Hybels, Weinstein, and Me, Too
When a man becomes a Christian, he becomes industrious, trustworthy and prosperous. Now, if that man, when he gets all he can and saves all he can, does not give all he can, I have more hope for Judas Iscariot than for that man! – John Wesley
The mainstream media is reporting that the former pastor, Bill Hybels, has been accused of sexual misconduct. They report there have been numerous accounts over the course of his ministry. I am baffled, saddened, and sit in disbelief along with thousands of other Christians. According to the article, he has not been legally charged in any way. But we know we will all make some sort of judgment over the next several days.
My first thought is that I find it hard to believe Hybels is the Harvey Weinstein of the church world. And my second thought was that I want to believe the women because (one) I am one and (two) the church has been guilty of such things in the past. Did you just let out a loud sigh? Me too!
I recently heard a podcast by Malcomb Gladwell about the reliability of our memories. It will totally mess with your head, especially when he starts talking about the science. Sometimes our memories get jumbled together. Sometimes we misinterpret a gesture of compassion for flirtation. We all know someone who has been falsely accused of something, anything. It may not be sexually related, but you know someone. I know someone. A few someones. Even a few someones who were falsely accused of sexual misconduct. But, in the case of Weinstein and Hybels, that’s a lot of accusations. Too many to be dismissed. Too many to not ask more questions.
We are all vulnerable. Even you. Even me. Even Hybels. Fatigue, stress, the pressure to succeed and perform and excel all make us vulnerable. I was there. If you are human, then you have been there, too. I could have and would have given in to temptation had the circumstances been right. And the same is true for you, so let’s stop lying to ourselves. It’s why we need accountability.
As a new believer in Christ, I had baggage. And I put myself in situations that left me vulnerable; emotionally, physically, mentally. It was God’s incredible grace that rushed in to provide a way out. I took the warning. A few times I didn’t take the warning quickly enough and God’s grace slapped me upside the head. He reminded me that humiliation is often the ultimate form of grace…and mercy. In my current assignment, I have board members who know they can approach me at any time and they have done so. They have asked if I really meant to say or do something because it didn’t seem appropriate; it didn’t seem in line with my values. They gave me an opportunity to explain and/or to apologize.
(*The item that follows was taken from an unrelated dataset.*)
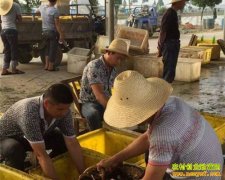 ����������������ֳ��������ũ���¸�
I appreciate the #MeToo movement and the stance women are taking now. They are doing their best to overcome fear and intimidation. They are attempting to bring down the patriarchy. I understand. I have experienced harassment in the past as well. In my “former life” (read before becoming a pastor), I was a wedding photographer. One of our bosses used to harass all the women photographers. My (female) co-worker confronted him saying that one day he would “probably be charged with sexual harassment”. His response? He laughed.
My fear is that this will not bring down the patriarchy. Instead, it will serve to prop it up. Women (in the church) will be sidelined once again and relegated to traditional roles. It will serve our complementarian friends well and our egalitarian friends will remain silent. We (women clergy) will be uninvited to the table. And, in the end, the curtain closes and patriarchy is left intact.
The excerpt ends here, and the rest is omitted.